Rest in peace dear sweet Alicia.

Tuesday, September 2, 2008

Bee Grateful

This week has taught me a few lesson’s about Karmic Justice – why is it that I always have to learn things the hard way?

Note to self; just when you think you’ve kicked the whole jet lag thing, it sneaks up and kicks your ass. Looking back I cringe at some of the conversations I’ve had, giving people advice on the do’s and don’t of jet lag. Saying things like “yea, I’ve pretty much got the whole jet lag thing figured out” – “ it’s a piece of cake when you travel as much as I do” – “ You know me, I like to hit the ground running”. To all of those poor people who had to listen to this lecture, please forget everything I said. As it turns out, I know nothing. Let’s just say this trip has been a bitch and I’m still struggling to get over my Beijing hangover.

Second big lesson of the week, I’m also not an expert on bees. Texie Baby has a life threatening allergy to bee venom - in an effort to do everything possible to minimize the risk - I’ve tried to learn all there is to know about the little buzzers. With knowledge comes respect, bees truly are amazing creatures. Just when I thought I’d figured out a system where bees and pugs could live in harmony – Tex gets stung by B.A.B. (big ass bee) during our afternoon walk.
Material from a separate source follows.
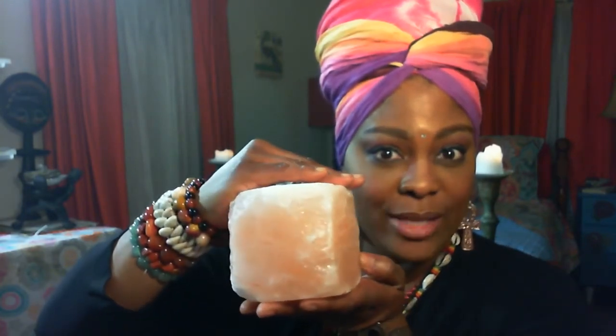My new product is a Himalayan Salt Candle Holder. Yes, indeed. I just got these in and I was really surprised at the size and how heavy — this is extremely heavy. The dimensions are about four inches wide and three and a half inches tall. So this is really a good size.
Tom and I immediately went into emergency mode, running around like the two stooges as we rushed him to our vets office. We actually made very good time, even though we had the misfortune of getting stuck behind an old couple who were driving excruciatingly slow. Wish we had taken their license plate number, as it would be nice to contact them and apologize for all of the honking and hand gestures.

The good news is the wonderful people at the Granville Island Animal Hospital, who always take such good care of Tex and Maggie, took one look at us and knew exactly what to do. I’ve come to think of them as a band of angels, who make a huge difference in our lives.

During all of the excitement, we made an executive decision to leave Maggie at home, after all time was of the essence. We felt guilty about this - speculating on the effects this might have on her delicate psyche – imagining her home alone, sitting in the dark, worrying about her poor little brother. Needless to say it came as a surprise to find that Maggie saw this as her big opportunity to raid the pantry. We came home to find she had some how managed to drag big bags of rice and dried beans into the living room, tearing them open and treating herself to a little tasting. You could tell she really did her best to like the un-cooked rice and beans, walking around chewing, spitting them out in almost every room in the house. It seems baby girl is going through a second childhood, doing all of the naughty things she did as a puppy.

While it’s true that I am still exhausted, I’m also very, very grateful. Life is a beautiful, fragile thing and every day is truly a blessing.